Funny how individuals’ tastes change (or don’t). I have a close friend who, decades ago, was on a tear for lemon pepper seasoning. He and his GF put it in/on something–heavily–EVERY time they hosted. They weren’t foodies and not very good cooks, so I developed a strong dislike for it. Now, I realize my reaction was an overreaction.
Another one that divides people is salmon. Another friend from here in Salmonland once went to great expense and work to bring a large, fresh king to Minneapolis to barbecue for a wedding reception. It was probably 25 pounds dressed, and very little was eaten. He said he watched most guests walk on by without even trying.
In terms of Ranch’s popularity, I can share anecdotally that when I work my social fraternity’s dinners, I end up refilling the salad bar’s Ranch container over twice as often as I do other dressings.
I think more people like Hidden Valley Ranch, the powder type and bottle type.
Kraft Ranch is what shows up the most often in my experience. I associate Kraft with the pump vats of Ranch next to the mayo, ketchup, relish and mustard at some ski hill cafeterias.
I like it in small amounts. I have several good to us recipes that call for the dry powder.
Taco Soup: Dry powder - I use half measure since it’s very salty. Our version adds 2 cans diced tomatoes, and uses beef broth not water.
Appetizer: Prepared (from dry powder for me) mixed with cream cheese, swirled on rye squares or rice crackers, topped with cucumber round.
Veggie pizza : dry powder with cream cheese and mayo, spread on baked crust, topped with raw veg Copycat Red Lobster biscuits - dry powder, with homemade biscuit mix
“loaded” 7 up biscuits - dry powder, cooked bacon, cheddar, sour cream, 7-up, biscuit mix (I use homemade equivalent) Chicken Longhorn - prepared used as marinade
Hate it on salads. Too salty and too thick, and masks the taste of everything in the salad.
Ok as vegetable dip on a platter of fresh vegetables, probably because I can control not having this covering the entire veggie. Also ok as a potato chip flavor.
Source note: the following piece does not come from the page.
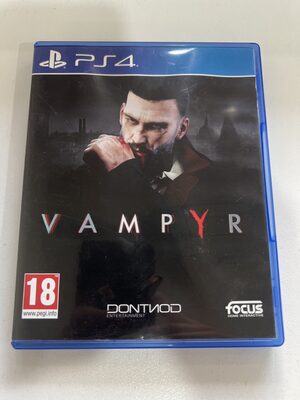 Vampyr PlayStation 4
I haven’t been interested enough in Ranch dressing to try it in anything else.
Interesting that you mention salmon. I like it, she doesn’t. We have quite a few differences of opinion about specific foods and even cuisines. Oh, and doneness of meat. Spiciness (heat) is another. There are enough things we both like that it doesn’t create too many problems.
At home I do not use bottled dressings unless desperate, but I will use them… except for ranch. It is just so easy to make your own dressing. The bottles are always too harsh for me.